#### Task to complete:
An exact copy of the listing below is required, minus its pictures.

#### Information provided:
--*--

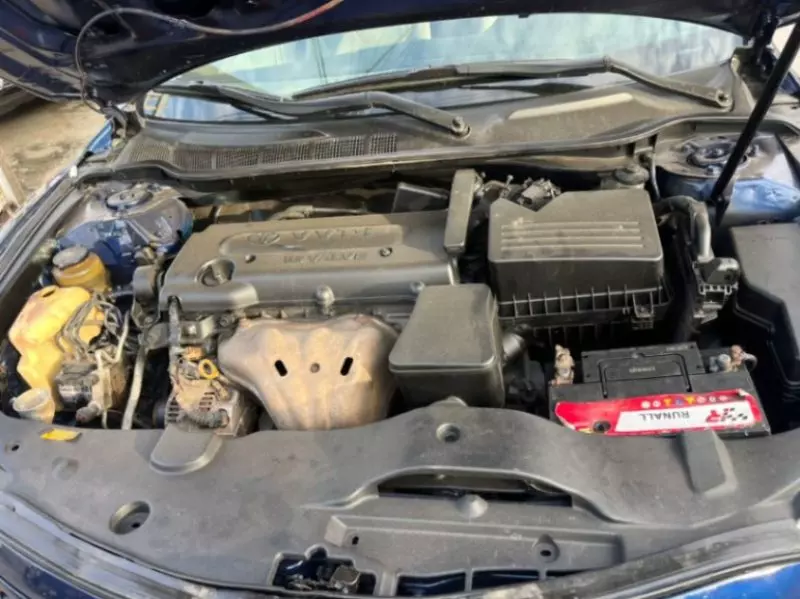 Toyota Camry   - 2009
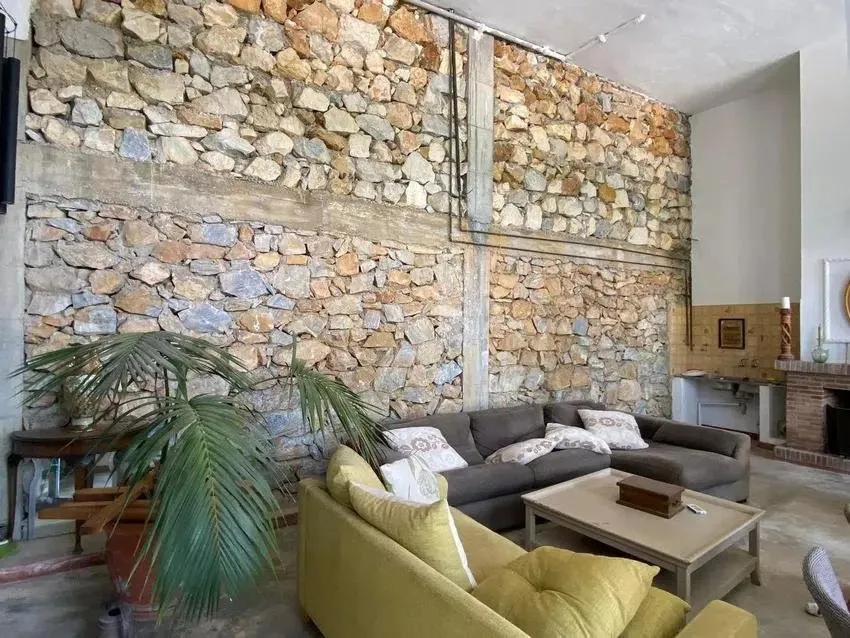 bdc4085b-91c1-4458-8e64-1c23fb738c3d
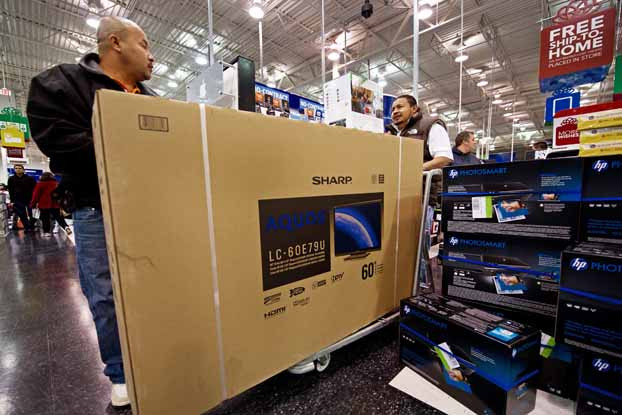 Siêu thị Kmart, Springfield, Massachusetts, 2012: Một người đàn ông đã bỏ quên đứa con trai hai tuổi của bạn gái trong xe để đi mua ti vi màn hình phẳng. Ông điềm nhiên mang ti vi về nhà và xem cho đến khi cảnh sát phát hiện ra cậu bé tội nghiệp.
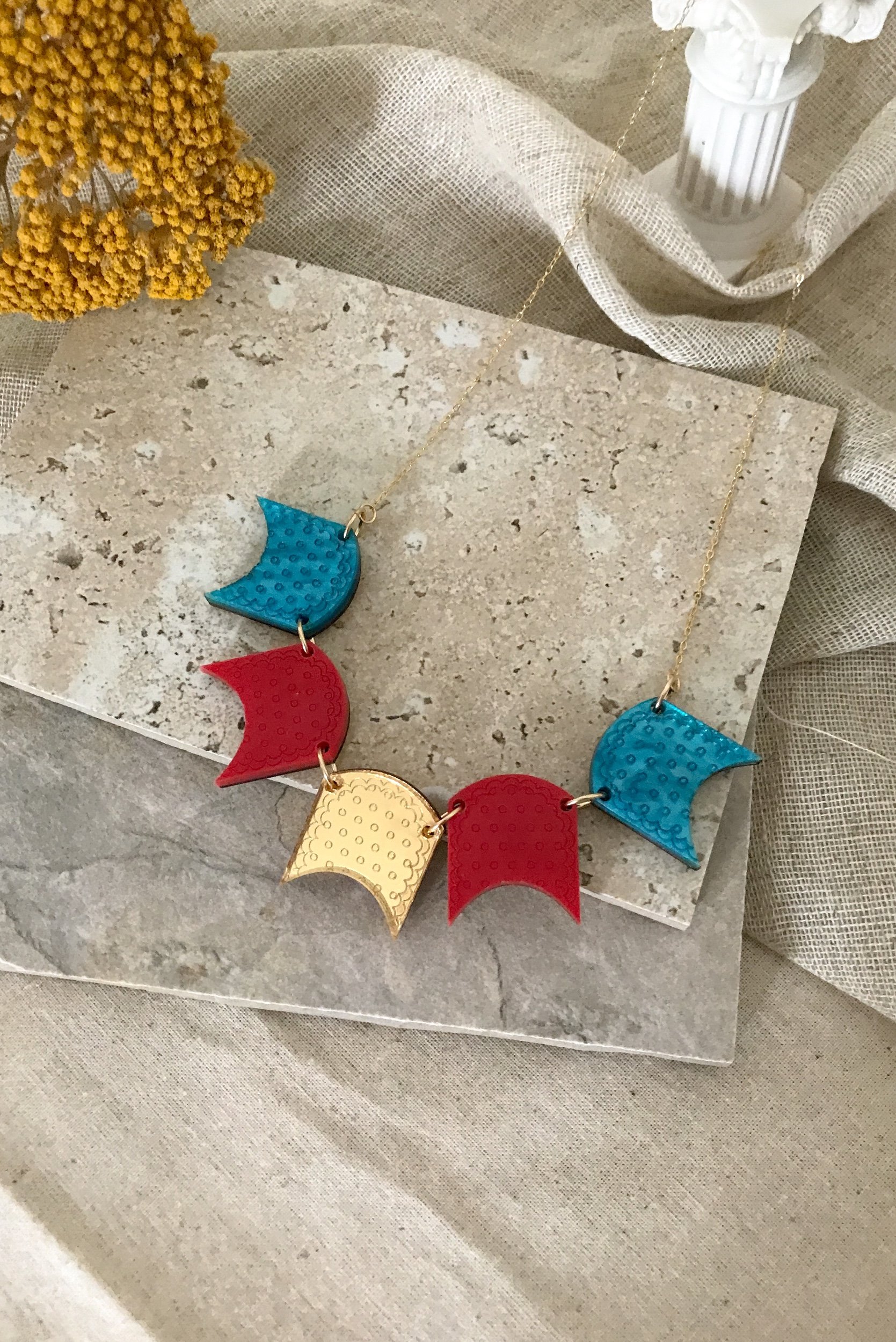 flag-statement-necklace-2.jpg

--*--

#### Result of the task:
 Toyota Camry   - 2009
 bdc4085b-91c1-4458-8e64-1c23fb738c3d
 Siêu thị Kmart, Springfield, Massachusetts, 2012: Một người đàn ông đã bỏ quên đứa con trai hai tuổi của bạn gái trong xe để đi mua ti vi màn hình phẳng. Ông điềm nhiên mang ti vi về nhà và xem cho đến khi cảnh sát phát hiện ra cậu bé tội nghiệp.
 flag-statement-necklace-2.jpg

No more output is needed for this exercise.